Geschiedenis 1966 - 1973

Van Mierlo en partijgenoten tijdens de campagne voor de Tweede Kamerverkiezingen van mei 1971.
Van Mierlo en partijgenoten tijdens de campagne voor de Tweede Kamerverkiezingen van mei 1971.

Gedurende de eerste zeven jaar na de oprichting was Hans van Mierlo partijleider en het beeld­bepalende gezicht van D66. Aanvankelijk leek medepartij-oprichter Hans Gruijters de aangewezen persoon om lijsttrekker te worden voor de Tweede Kamerverkiezingen van 15 februari 1967, maar hij gaf niet thuis. Van Mierlo werd vervolgens op het op ‘derde kerstdag’ 1966 voortgezette partijcongres door de leden als eerste kandidaat gekozen. Ook bij de Tweede Kamerverkiezingen van 1971 en 1972 voerde hij de kandidaten­lijst aan.

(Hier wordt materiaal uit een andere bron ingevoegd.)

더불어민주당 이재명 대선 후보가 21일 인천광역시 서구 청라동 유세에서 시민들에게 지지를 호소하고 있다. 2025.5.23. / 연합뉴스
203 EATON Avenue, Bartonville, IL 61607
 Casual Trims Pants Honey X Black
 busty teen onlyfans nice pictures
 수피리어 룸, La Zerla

In de beginperiode was het onduidelijk of D66 nu bedoeld was als tijdelijke beweging of als blijvertje. Deze tweeslachtigheid vloeide voort uit haar aanvankelijke streven om tot een herschikking van het politieke bestel te komen. De gevestigde partijen dienden volgens Van Mierlo te ‘ontploffen’, met als gevolg een partijpolitieke hergroe­pering rond een vooruit­strevende en conservatieve kern. D66 zag voor zichzelf de rol als katalysator weggelegd bij de totstand­koming van een grote progressieve partij, wat inhield dat haar eigen voort­bestaan er eigenlijk niet zo toe deed. Anderen, zoals Jan Terlouw, wilden daarentegen D66 juist tot een permanente, stabiele partij uitbouwen.

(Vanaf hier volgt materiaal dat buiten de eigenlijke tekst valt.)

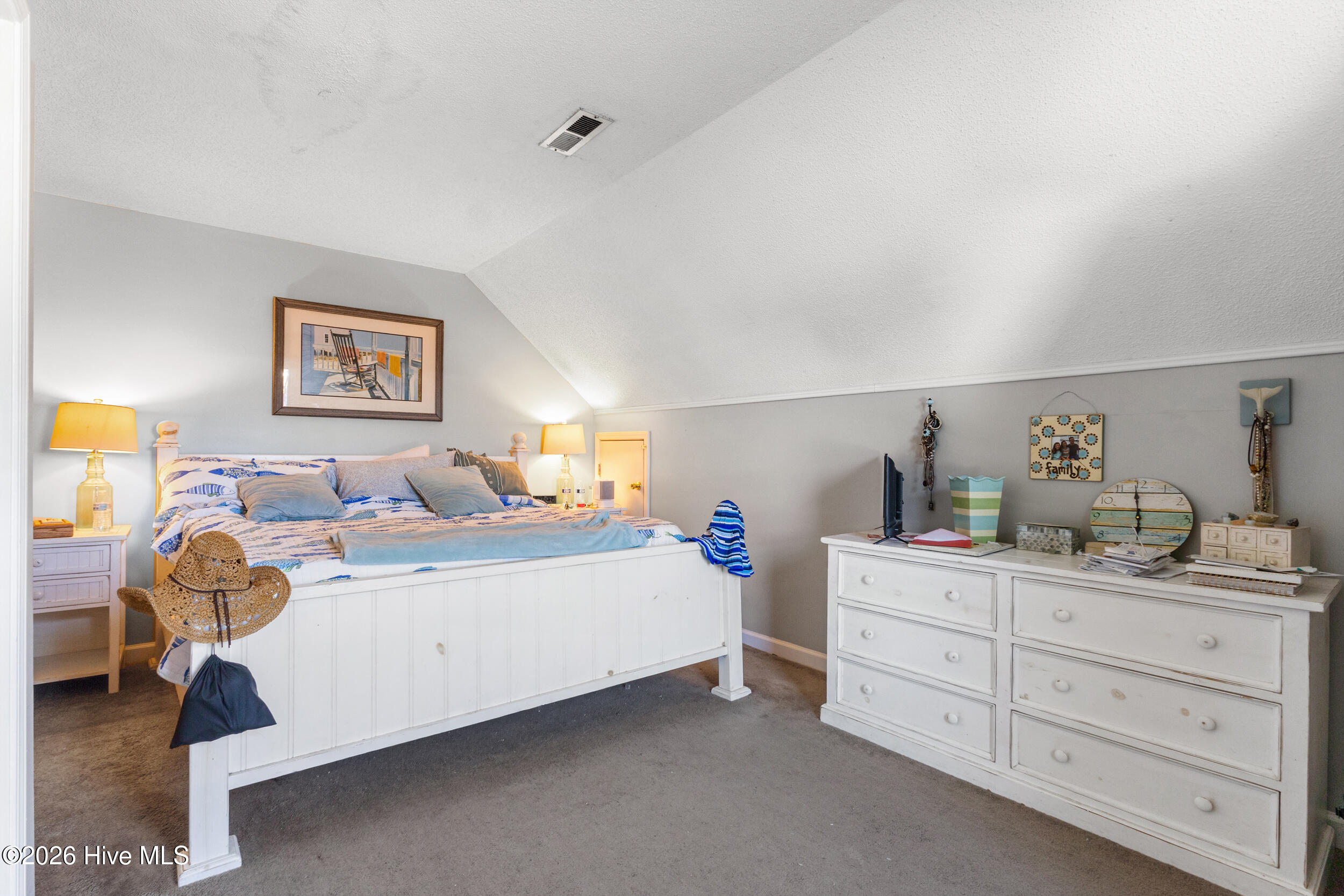 100555069 | Photo 16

Bij de Tweede Kamerverkiezingen in februari 1967 debuteerde D66 met zeven zetels. In 1971 maakte zij zich sterk om met de PvdA en de Politieke Partij Radikalen (PPR) op te gaan in een Progressieve Volkspartij (PVP). Een deel van de achterban had daar moeite mee; de partijtop bleek te hebben onderschat ‘hoezeer velen, zich inzettend voor D’66, aan de eigen partij gehecht zijn geraakt’, aldus Vivian Voss, die als eerste een geschiedenis van D66 schreef. Ondanks de diepe interne verdeeldheid zette Van Mierlo zijn kaarten op de PVP. D66 werkte nauw samen met de PvdA en de PPR: in april 1971 presenteerden de drie partijen hun ‘schaduwkabinet’, met PvdA-leider Joop den Uyl als premier en Van Mierlo als vicepremier. Van de door het drietal nagestreefde parlementaire meerderheid kwam het bij de Tweede Kamerverkiezingen van 28 april 1971 niet, alhoewel D66 vier zetels won en op elf kwam.

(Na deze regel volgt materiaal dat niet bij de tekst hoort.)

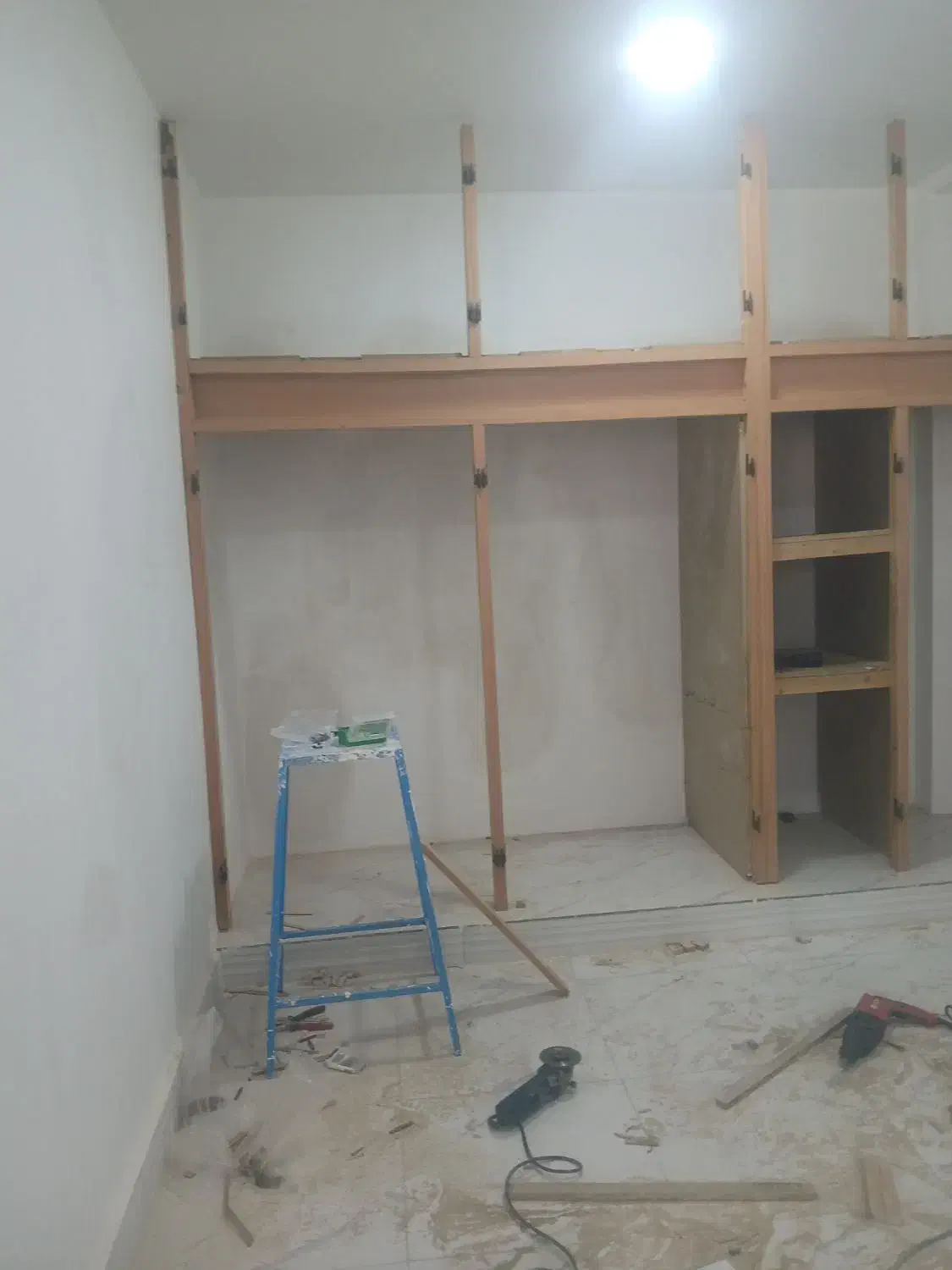 نصب و جابجایی کمد دیواری و کابینت|خدمات پیشه و مهارت|ایذه, |دیوار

Na de snelle val van het centrumrechtse kabinet-Biesheuvel presenteerden PvdA, D66 en PPR gezamenlijk een ‘progressief’ verkiezingsprogramma met de titel Keerpunt ’72. Bij de vervroeg­de Tweede Kamerverkiezingen van 29 november 1972 verloor D66 vijf zetels en hield er zes over. Niettemin trad zij toe tot het kabinet-Den Uyl, samen met de PvdA, de PPR, en bewindspersonen die lid waren van de Katholieke Volkspartij (KVP) en de Anti-Revolutionaire Partij (ARP). Gruijters werd minister van Volkshuisvesting en Ruimtelijke Ordening.

In september 1973 schoof de PvdA de PVP op de lange baan; met het aantreden van het nieuwe kabinet met partijleider Den Uyl als premier hadden de sociaaldemocraten de buit binnen. Een zeer teleurgestelde Van Mierlo sprak van ‘verraad’. Eerder al bleek dat zijn eigen Tweede Kamer­fractie grote moeite had met zijn solistische optreden tijdens de kabinetsformatie en zijn uitgesproken ‘monistische’ steun voor het kabinet-Den Uyl. Van Mierlo besloot met ingang van 1 september 1973 als fractievoorzitter en politiek leider plaats te maken voor Terlouw. Zijn opvolger nam het bestaan van D66 als partij als vertrekpunt, dankte de ontploffingsstrategie af en zou zich dualistischer opstellen ten opzichte van het kabinet-Den Uyl.

Foto van Hans Gruijters in een cart tijdens een cartingwedstrijd
Medepartijoprichter Gruijters tijdens een cartingwedstrijd voor politici in 1967.
Foto van verkiezingsborden waarop samenwerking van D^^, PvdA en PPR wordt beplijt
Verkiezingsbord dat het idee voor een progressieve samenwerking ondersteunt in 1971.